▸ **LISTED ENTRIES**

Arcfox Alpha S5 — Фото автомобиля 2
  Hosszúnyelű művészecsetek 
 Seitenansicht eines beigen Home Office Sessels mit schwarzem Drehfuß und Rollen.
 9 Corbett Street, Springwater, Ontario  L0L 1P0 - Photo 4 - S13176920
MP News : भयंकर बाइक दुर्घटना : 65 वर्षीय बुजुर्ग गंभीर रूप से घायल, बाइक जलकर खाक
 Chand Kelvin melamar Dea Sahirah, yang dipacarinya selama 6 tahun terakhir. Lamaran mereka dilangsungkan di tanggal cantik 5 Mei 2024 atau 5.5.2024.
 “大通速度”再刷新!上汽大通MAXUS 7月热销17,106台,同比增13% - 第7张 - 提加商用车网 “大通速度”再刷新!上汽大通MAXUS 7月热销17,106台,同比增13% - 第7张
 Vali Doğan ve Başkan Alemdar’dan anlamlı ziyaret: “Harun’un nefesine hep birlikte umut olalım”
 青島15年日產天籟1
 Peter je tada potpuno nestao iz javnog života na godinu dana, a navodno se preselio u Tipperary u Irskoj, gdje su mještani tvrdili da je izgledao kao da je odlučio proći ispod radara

▸ **TASK DIRECTIONS**
Output each line exactly, from the first line of the data down to the line that contains "第7张 - 提加商用车网", both included.

▸ **EXERCISE ANSWER**
Arcfox Alpha S5 — Фото автомобиля 2
  Hosszúnyelű művészecsetek 
 Seitenansicht eines beigen Home Office Sessels mit schwarzem Drehfuß und Rollen.
 9 Corbett Street, Springwater, Ontario  L0L 1P0 - Photo 4 - S13176920
MP News : भयंकर बाइक दुर्घटना : 65 वर्षीय बुजुर्ग गंभीर रूप से घायल, बाइक जलकर खाक
 Chand Kelvin melamar Dea Sahirah, yang dipacarinya selama 6 tahun terakhir. Lamaran mereka dilangsungkan di tanggal cantik 5 Mei 2024 atau 5.5.2024.
 “大通速度”再刷新!上汽大通MAXUS 7月热销17,106台,同比增13% - 第7张 - 提加商用车网 “大通速度”再刷新!上汽大通MAXUS 7月热销17,106台,同比增13% - 第7张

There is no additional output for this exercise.